*** Begin section ***
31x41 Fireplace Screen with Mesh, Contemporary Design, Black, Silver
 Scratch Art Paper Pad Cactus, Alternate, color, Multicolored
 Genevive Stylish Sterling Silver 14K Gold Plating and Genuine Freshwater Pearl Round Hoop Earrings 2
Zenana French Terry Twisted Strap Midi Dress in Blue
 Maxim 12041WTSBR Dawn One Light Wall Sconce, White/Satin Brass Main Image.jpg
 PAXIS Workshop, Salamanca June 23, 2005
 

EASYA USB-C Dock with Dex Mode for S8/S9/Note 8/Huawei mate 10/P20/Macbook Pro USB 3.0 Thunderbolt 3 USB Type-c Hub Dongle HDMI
*** End section ***
Return the full listing. Keep each line exactly as it stands.

# WORKED SOLUTION:
31x41 Fireplace Screen with Mesh, Contemporary Design, Black, Silver
 Scratch Art Paper Pad Cactus, Alternate, color, Multicolored
 Genevive Stylish Sterling Silver 14K Gold Plating and Genuine Freshwater Pearl Round Hoop Earrings 2
Zenana French Terry Twisted Strap Midi Dress in Blue
 Maxim 12041WTSBR Dawn One Light Wall Sconce, White/Satin Brass Main Image.jpg
 PAXIS Workshop, Salamanca June 23, 2005
 

EASYA USB-C Dock with Dex Mode for S8/S9/Note 8/Huawei mate 10/P20/Macbook Pro USB 3.0 Thunderbolt 3 USB Type-c Hub Dongle HDMI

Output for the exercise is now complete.